- Country: Ethiopia
- Region: Oromia
- Zone: Guji
- Time zone: UTC+3 (EAT)

= Adola =

District in Oromia Region, Ethiopia

Adola is one of the woredas in the Oromia Region of Ethiopia. It is part of former Adolana Wadera woreda what was divided for Adola, Girja and Wadera woredas and Adola town. Part of the Guji Zone, Adolana Wadera was bordered on the south by Liben, on the southwest by Odo Shakiso, on the west by Bore, on the north by the Southern Nations, Nationalities, and Peoples Region, and on the east by the Bale Zone.

== Overview ==
The altitude of this woreda ranges from 1500 to 2500 meters above sea level; Maleka Gudiba Wadera Tule is the highest point. Rivers include the Ganale Dorya and the Awata. A survey of the land in this woreda shows that 33% is arable (24% was under cultivation), 30% pasture, 20% forest, and the remaining 17% is considered swampy, degraded or otherwise unusable. State forests include Wadera, Zenbaba and Anferara. Khat, bananas and enset are important cash crops. Coffee is also an important cash crop; over 5,000 hectares are planted with it.

Industry in the woreda includes 19 grain mills, 3 metal works, 2 wood works, and 4 government-owned saw mills.
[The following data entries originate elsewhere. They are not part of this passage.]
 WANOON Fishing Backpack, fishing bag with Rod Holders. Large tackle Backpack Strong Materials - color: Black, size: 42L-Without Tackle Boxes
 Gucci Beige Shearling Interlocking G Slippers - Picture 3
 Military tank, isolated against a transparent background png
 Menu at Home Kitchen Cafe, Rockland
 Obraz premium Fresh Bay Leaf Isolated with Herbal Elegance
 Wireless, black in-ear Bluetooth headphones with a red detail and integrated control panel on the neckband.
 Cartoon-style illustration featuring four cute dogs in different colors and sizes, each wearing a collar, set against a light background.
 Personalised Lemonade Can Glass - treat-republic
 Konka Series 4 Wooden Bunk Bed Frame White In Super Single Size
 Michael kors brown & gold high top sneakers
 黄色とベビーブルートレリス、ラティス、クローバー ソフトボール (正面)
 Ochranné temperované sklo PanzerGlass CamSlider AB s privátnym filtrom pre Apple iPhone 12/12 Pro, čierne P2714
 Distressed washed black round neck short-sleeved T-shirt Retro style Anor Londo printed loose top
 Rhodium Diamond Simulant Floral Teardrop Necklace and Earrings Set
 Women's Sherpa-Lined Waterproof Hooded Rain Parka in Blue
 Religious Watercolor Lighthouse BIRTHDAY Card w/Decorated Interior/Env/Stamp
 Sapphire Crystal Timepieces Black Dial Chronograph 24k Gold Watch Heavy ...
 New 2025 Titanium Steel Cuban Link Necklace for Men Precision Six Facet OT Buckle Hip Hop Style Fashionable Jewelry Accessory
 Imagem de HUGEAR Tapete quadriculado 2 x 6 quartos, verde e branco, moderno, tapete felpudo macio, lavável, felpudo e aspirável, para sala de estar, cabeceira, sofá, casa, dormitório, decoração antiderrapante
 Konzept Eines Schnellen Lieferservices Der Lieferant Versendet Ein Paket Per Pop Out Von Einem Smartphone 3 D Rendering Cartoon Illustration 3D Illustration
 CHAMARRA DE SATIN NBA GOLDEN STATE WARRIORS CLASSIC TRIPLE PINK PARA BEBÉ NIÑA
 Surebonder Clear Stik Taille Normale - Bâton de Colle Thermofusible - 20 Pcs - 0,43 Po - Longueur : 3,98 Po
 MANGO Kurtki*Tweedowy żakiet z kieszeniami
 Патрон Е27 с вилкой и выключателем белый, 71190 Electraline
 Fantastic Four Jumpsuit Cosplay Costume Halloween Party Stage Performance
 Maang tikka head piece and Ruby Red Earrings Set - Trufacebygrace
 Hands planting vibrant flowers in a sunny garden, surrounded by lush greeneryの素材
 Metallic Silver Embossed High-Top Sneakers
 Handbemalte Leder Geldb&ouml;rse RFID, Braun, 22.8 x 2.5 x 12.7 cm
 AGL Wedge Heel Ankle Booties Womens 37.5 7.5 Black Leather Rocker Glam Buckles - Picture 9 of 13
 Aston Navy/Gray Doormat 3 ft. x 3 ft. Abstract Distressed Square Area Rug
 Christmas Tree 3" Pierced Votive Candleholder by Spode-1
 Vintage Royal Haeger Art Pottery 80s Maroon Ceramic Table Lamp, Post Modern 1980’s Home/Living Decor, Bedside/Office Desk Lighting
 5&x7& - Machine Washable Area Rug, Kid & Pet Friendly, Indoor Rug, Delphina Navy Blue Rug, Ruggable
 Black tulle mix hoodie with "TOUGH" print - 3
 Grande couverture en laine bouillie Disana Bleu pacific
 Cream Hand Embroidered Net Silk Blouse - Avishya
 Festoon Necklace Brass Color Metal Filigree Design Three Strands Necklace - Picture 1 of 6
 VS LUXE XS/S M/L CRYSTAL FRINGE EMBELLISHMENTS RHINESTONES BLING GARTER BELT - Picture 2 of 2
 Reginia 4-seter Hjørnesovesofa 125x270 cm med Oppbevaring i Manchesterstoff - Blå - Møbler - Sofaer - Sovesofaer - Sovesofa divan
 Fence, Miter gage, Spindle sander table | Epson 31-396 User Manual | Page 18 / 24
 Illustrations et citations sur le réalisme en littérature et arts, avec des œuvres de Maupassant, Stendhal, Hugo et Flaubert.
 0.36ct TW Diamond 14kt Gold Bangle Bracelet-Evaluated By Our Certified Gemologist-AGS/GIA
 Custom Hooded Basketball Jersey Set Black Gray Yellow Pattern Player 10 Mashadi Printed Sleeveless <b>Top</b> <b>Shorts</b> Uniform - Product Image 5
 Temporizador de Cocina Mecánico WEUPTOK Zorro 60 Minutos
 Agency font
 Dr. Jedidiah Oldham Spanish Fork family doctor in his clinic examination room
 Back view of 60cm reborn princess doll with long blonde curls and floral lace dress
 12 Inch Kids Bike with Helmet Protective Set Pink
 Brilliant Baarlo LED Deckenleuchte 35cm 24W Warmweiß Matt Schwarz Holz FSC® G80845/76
While deposits of gold, nickel, kaolinite, chromium, and graphite have been identified in this woreda, only the gold deposits have been commercially exploited. The gold mine near Adola has historically been the most important gold mine in Ethiopia since its opening in 1941. There were 43 Farmers Associations with 29,438 members and 9 Farmers Service Cooperatives; about 75% of the farmers are pastoralists. Adolana Wadera has 45 kilometers of dry-weather and 110 of all-weather road, for an average road density of 50.9 kilometers per 1000 square kilometers. About 7.4% of the rural and 28.8% of the urban population has access to drinking water.

Adolana Wadera was one of four woredas that suffered from a wildfire that was started 10 February 2000 but was not brought under control until 7 April, after it had burned a total of 70,000 hectares.

== Demographics ==
The 2007 national census reported a total population for this woreda of 110,034, of whom 55,940 were men and 54,094 were women; none of its population were urban dwellers. The majority of the inhabitants said they were Protestant, with 59.91% of the population reporting they observed this belief, while 10.29% of the population were Muslim, 8.13% practiced traditional beliefs, 5.89% practised Ethiopian Orthodox Christianity, and 2.23% were Catholic.

Based on figures published by the Central Statistical Agency in 2005, this woreda has an estimated total population of 194,574, of whom 95,722 are men and 98,852 women; 43,052 or 22.13% of its population are urban dwellers, which is greater than the Zone average of 11.6%. With an estimated area of 3,064.22 square kilometers, Adolana Wadera has an estimated population density of 63.5 people per square kilometer, which is greater than the Zone average of 21.09.

The 1994 national census reported a total population for this woreda of 134,343, of whom 68,174 were men and 66,169 women; 24,048 or 17.9% of its population were urban dwellers at the time. The five largest ethnic groups reported in Adolana Wadera were the Oromo (86.14%), the Amhara (6.92%), the Gedeo (2.24%), the Silt'e (1.17%), and the Soddo Gurage (0.91%); all other ethnic groups made up 2.62% of the population. Oromiffa was spoken as a first language by 82.77%, 13.22% spoke Amharic and 2.01% spoke Gedeo; the remaining 2% spoke all other primary languages reported. The plurality of the inhabitants were Protestant, with 37.45% of the population having reported they practiced that belief, while 23.7% of the population said they were Muslim, 20.44% professed Ethiopian Orthodox Christianity, 9.63% practiced traditional beliefs, and 3.8% were Catholic.